Esto fue lo que me pasó con El jinete polaco, (Premio Planeta 1991), la novela de Antonio Muñoz Molina que habla entre mil cosas de “la suma de azares que me llevaron a encontrarte”, y cuando leo esto, me pongo el saco y pienso en esa otra suma de azares que me llevaron a encontrar a mi mujer y, así, camino con el saco de algunos de sus personajes como protagonista de esas historias cuando recorre el territorio de la nostalgia y de los placeres inmensos cuando encontramos al amor de nuestra vida, como le pasa a Manuel, el narrador, cuando se reencuentra con Nadia, en esta relectura que resultó muy gratificante.

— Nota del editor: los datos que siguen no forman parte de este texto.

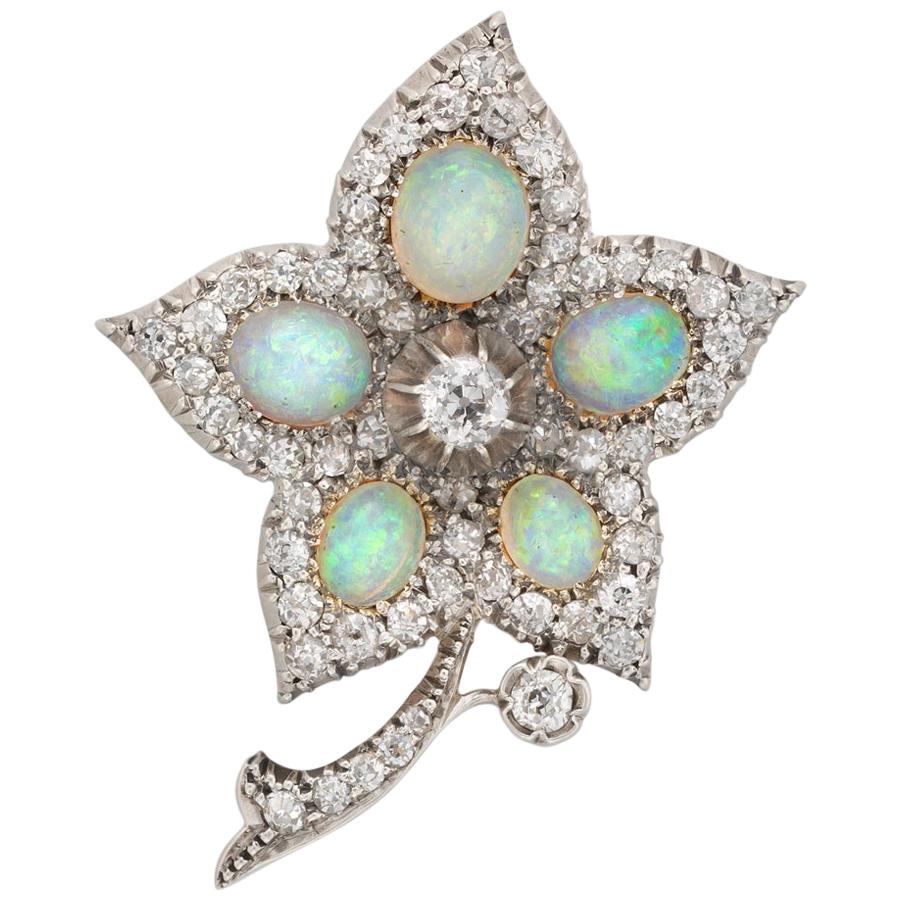 Victorian Opal and Diamond Flower Brooch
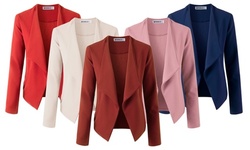Doublju Women's Asymmetrical Stretch Open Front Cardigan. Plus Size Available.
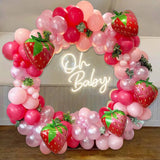 elvesmall  102pcs Strawberry Party Decoration Balloon Garland Kit for Girls 1st 2nd Birthday Party Supplies Strawberry Theme Decoration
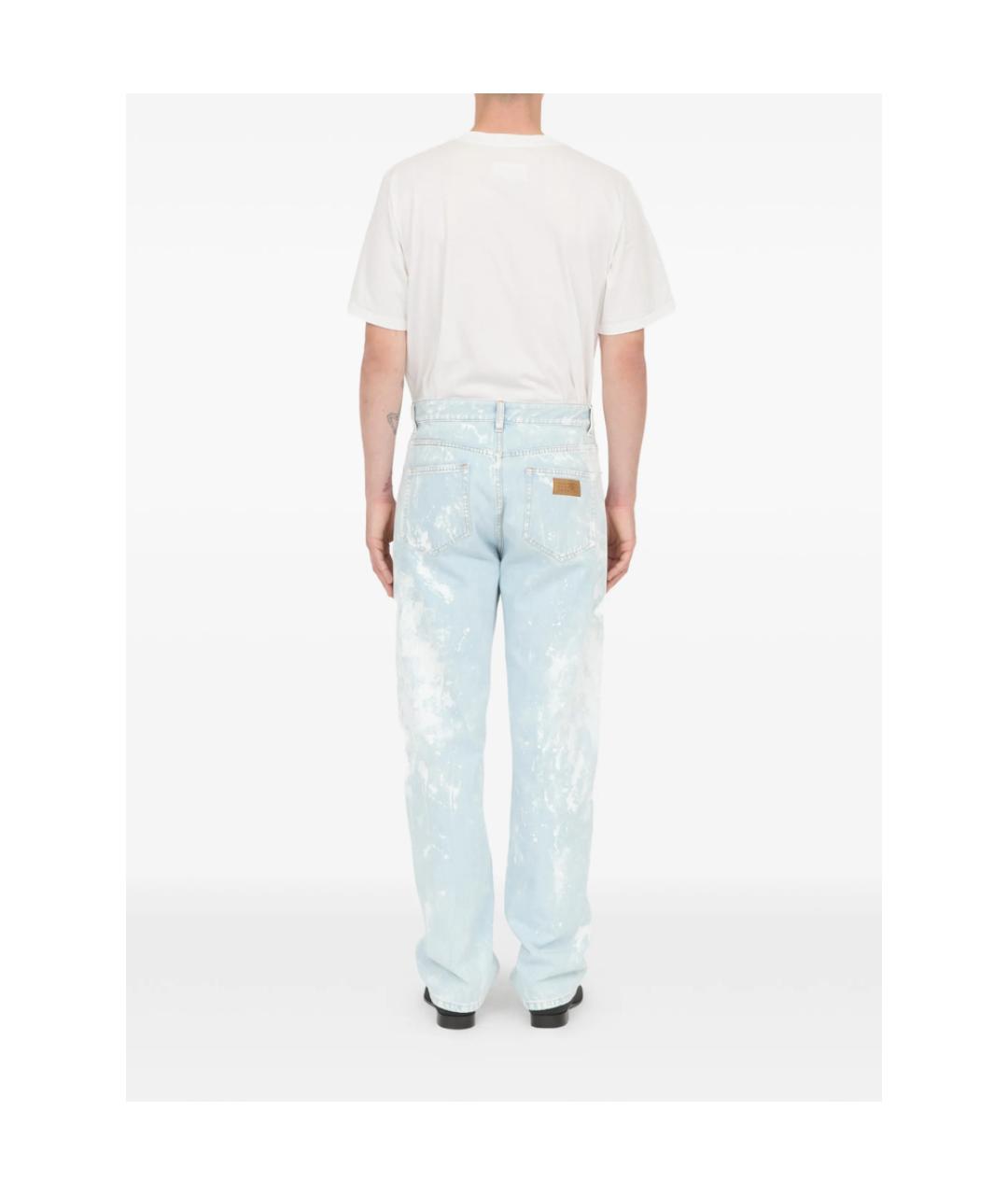 MM6 MAISON MARGIELA Голубые хлопковые прямые джинсы, фото 6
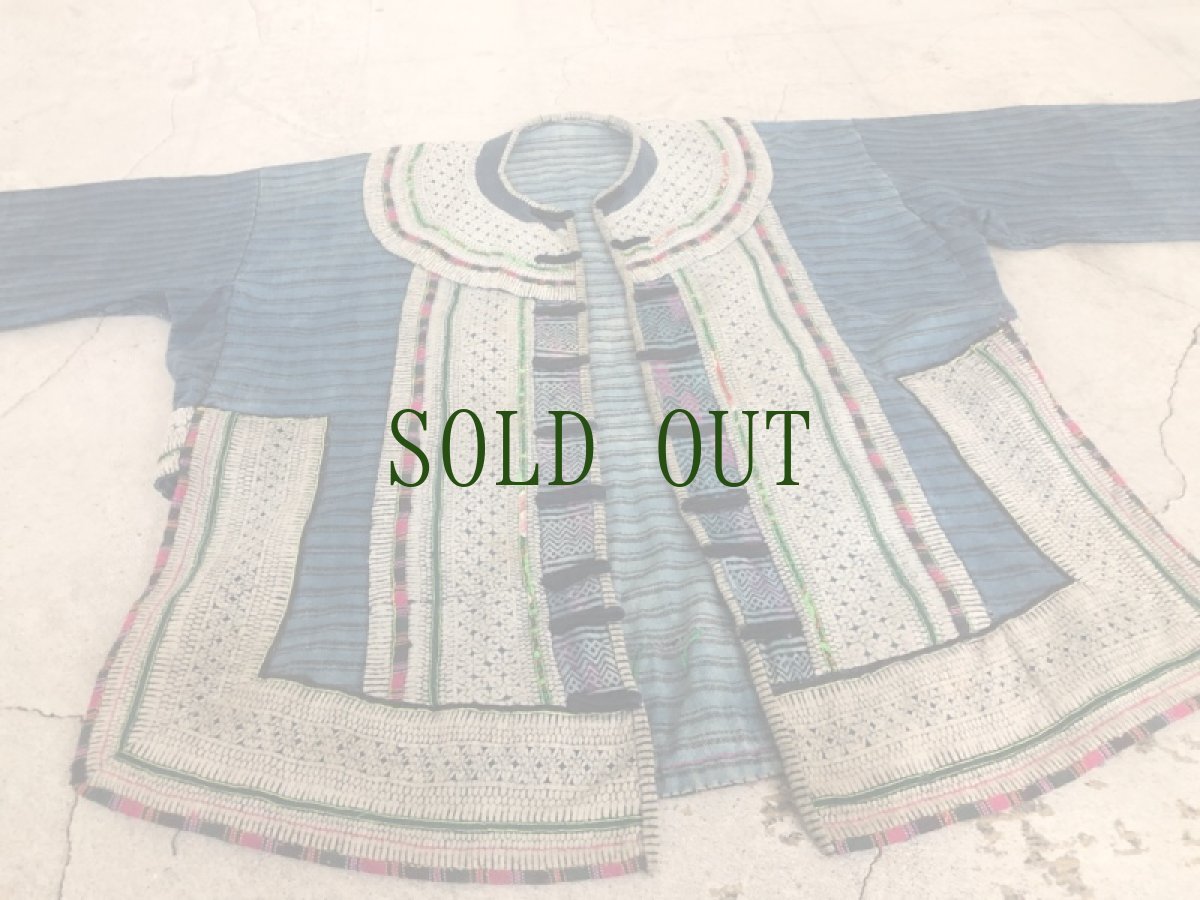 画像4: 雲南省麻栗坡县彝族（イ族）本藍染綿麻製（YI people’s traditional jacket） (4)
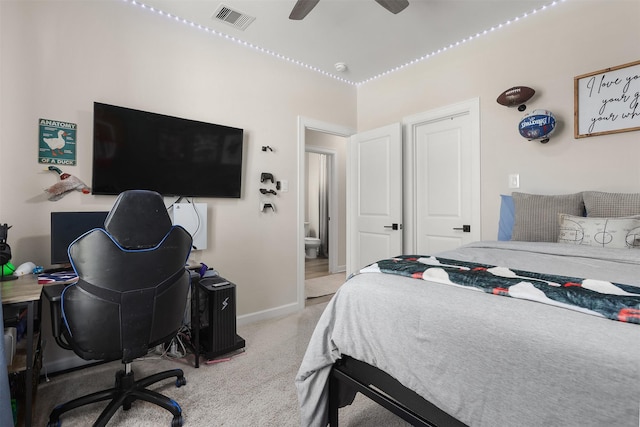 13709 Gaff Rig Dr, Texas City, TX 77510 - bedroom featuring carpet, a desk, connected bathroom, and ceiling fan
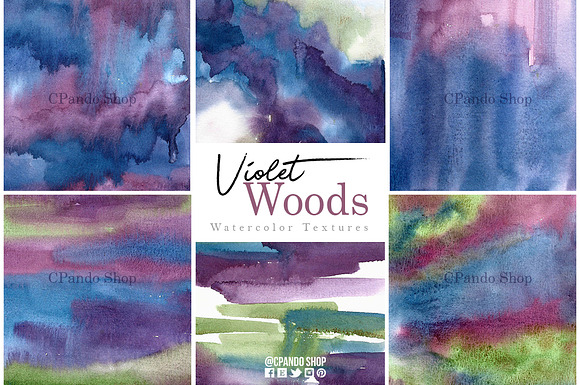Violet woods watercolor design kit in Graphics - product preview 3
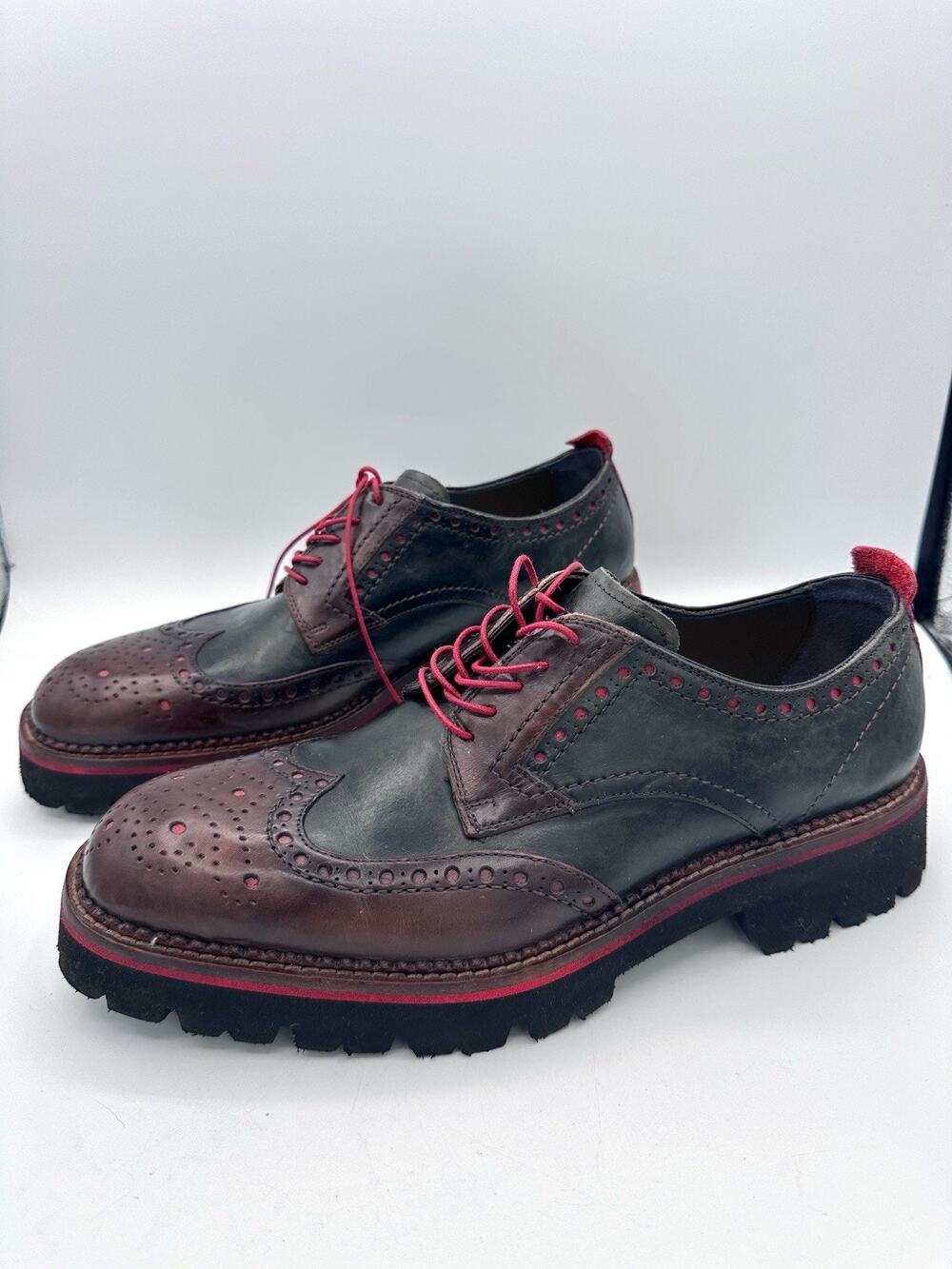 Lorenzi Men’s Shoes Brogue Wingtip Derby Lug Shoes - Brown Red ITALY IT 45 US 12
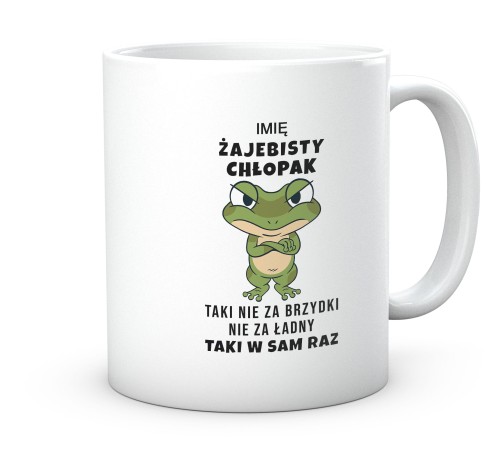 Biały kubek ceramiczny 330 ml z nadrukiem zabawnej żaby dla chłopaka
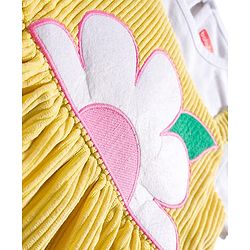 Babyhug Single Jersey Knit Half Puffed Sleeves Frock with Inner Tee & Floral Embroidery - Yellow & White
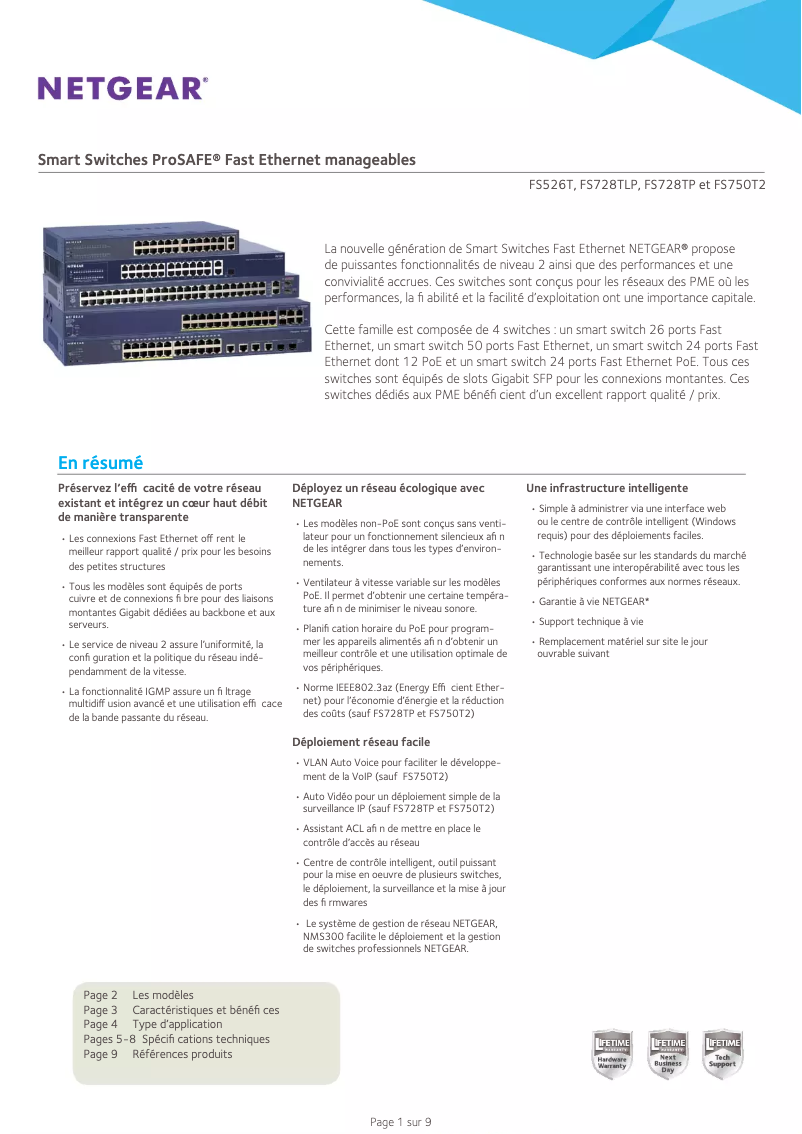 Page n°1 - Fiche technique Netgear ProSafe FS726T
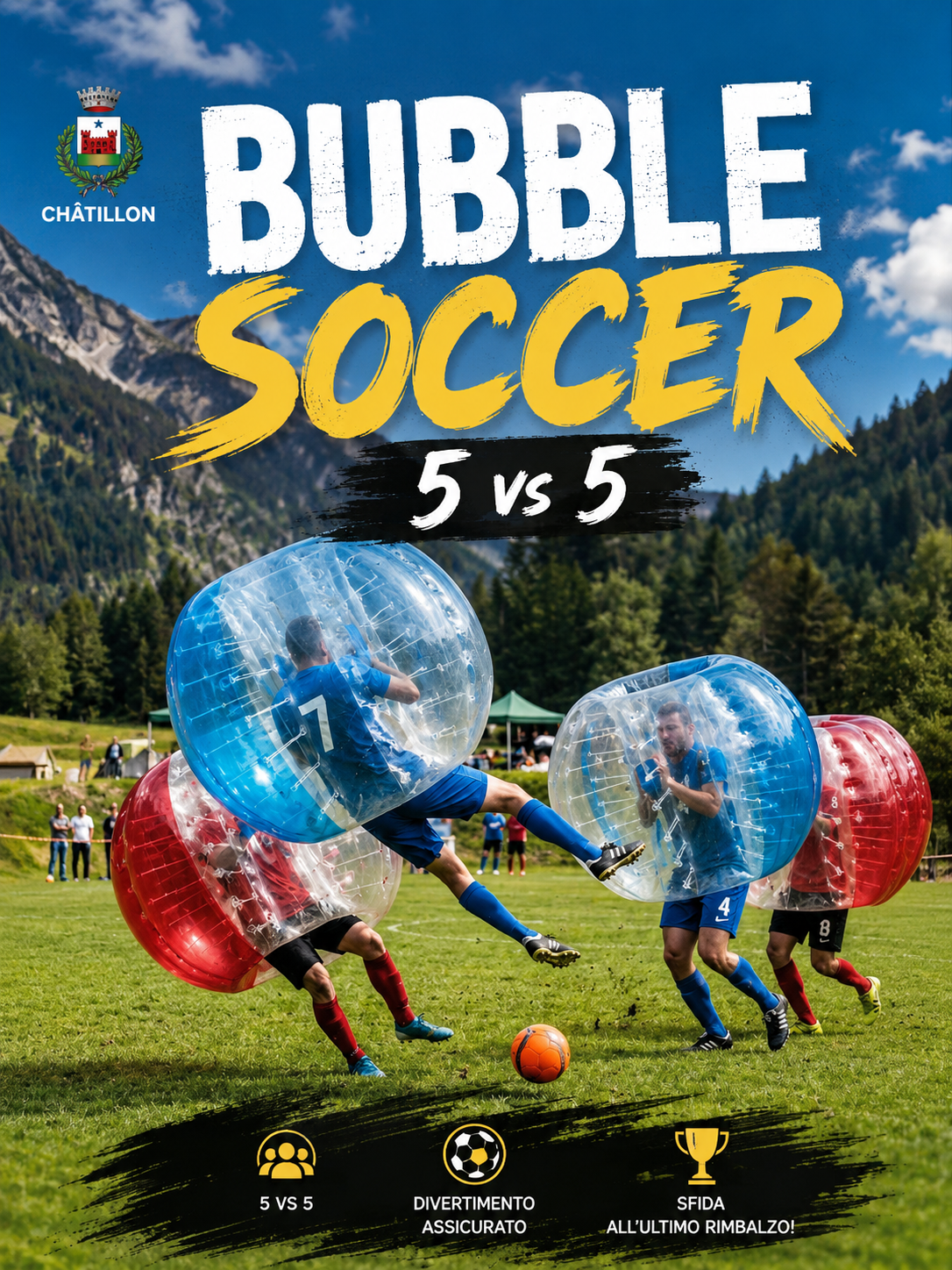 Locandina del torneo di Bubble Soccer a Châtillon durante la Festa Patronale di San Pietro 2026, con partite 5 contro 5, iscrizione gratuita e attività all'Area Verde Perolles.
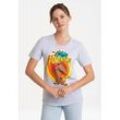 T-Shirt LOGOSHIRT "Scooby Doo", Damen, Gr. S, grau (grau, meliert), 95% Baumwolle, 5% Viskose, bedruckt, casual, normal, Rundhals, Kurzarm, Shirts, mit lizenziertem Print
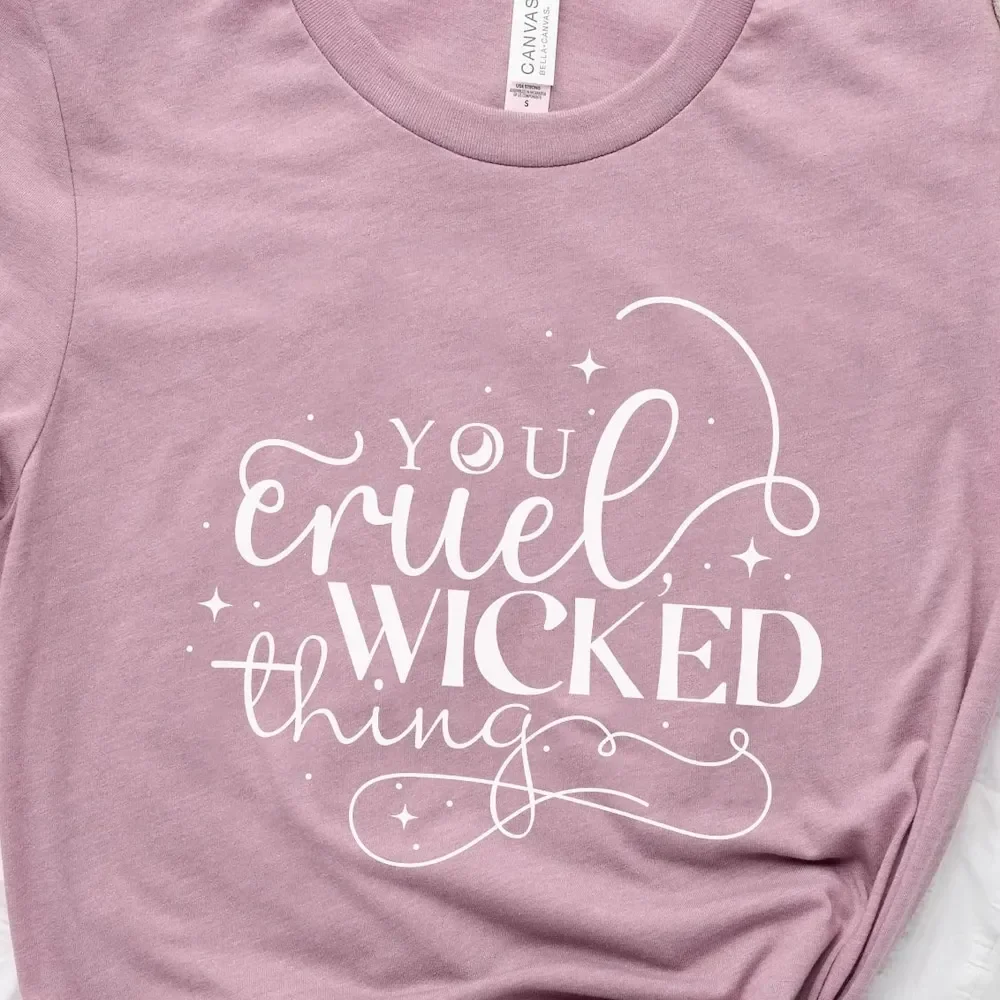 You Wicked Cruel Thing T Shirt Bookish Quote Officially Licensed Sarah J Maas Rhysand Feyre Court Of Mist And Fury Acotar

Padres y abuelos nacidos en Mágina, ese pueblo de campesinos en Andalucía en donde resulta que el narrador tiene buen oído y memoria y adquiere con facilidad, el don de los idiomas. Desde que era adolescente quería irse de su pueblo, alejarse de la pobreza del campo y de sus hábitos y costumbres; es esa edad cuando sólo pensamos en estar con los amigos, para vivir en el imaginario de la modernidad, sin hacer nada que valga la pena, hasta que gracias los sacrificios de su padre, puede estudiar en Madrid y llega a ser uno de esos interpretes que rolan por el mundo, sin encontrar su razón de ser, hasta que un día reencuentra, al azar, a Nadia, la hija del comandante Galaz, famoso republicado de Mágina, con quien resuelve su problema existencial.
Es con ella a quien le cuenta las historias de aquellos que encuentra mientras revisan las fotos de Mágina que estaban en el baúl que Ramiro Retratista le regaló al comandante y que ella heredó.
Cuando Nadia ve a su exmarido, dice que “no comprendía cómo pude casarme con él, pero aún, cómo pude engañarme a mí misma hasta el punto de creer que estaba enamorada y de que quería tener un hijo suyo”, una huella de esos disimulados engaños de los que pronto les daré noticias.
O esta otra, donde me vuelvo a poner el saco: “parece increíble que yo esté ahora contigo y me atreva a hablarte como si te conociera desde siempre, como si no hubiera sido prácticamente imposible que nos conociéramos. No salgo de mi asombro, me niego a salir de él, no quiero acostumbrarme, quiero vivir exactamente así el resto de mi vida, sin hacer nada ni desear nada más que lo que ya tengo ni a nadie más que a ti, agradeciendo que existas y me hayas elegido y que estés a mi lado cada mañana cuando me despierto, inmediata y carnal, no inventada, más verdadera, haciéndome preguntas continuas, desafiándome a decir lo que he callado siempre, lo que ni recordaba, moldeada por el sufrimiento y la felicidad, frágil y sabia, deteniendo el tiempo para que duren como lentos días cada una de las horas y no empiece a remordernos la angustia del adiós.”
Reflejado en esos espejos, recuerdo mi propio fracaso en los amores de la adolescencia, el rechazo a la vida del campo, la nostalgia por la nevería en Lafayette y la música de la rockola, así como, los azares y las circunstancias para encontrar a la pareja y darnos cuenta que hemos heredado, no lo mejor de nuestro padre, sino “sus manías insoportables”.
Cuando no había oído que había entrado Nadia, “alzó los ojos trasladando hacia ella una apremiante interrogación sin palabras, cuya respuesta busca en vano en su propia memoria y parece decirle: no entiendo nada, me rindo, cuéntame quién soy.”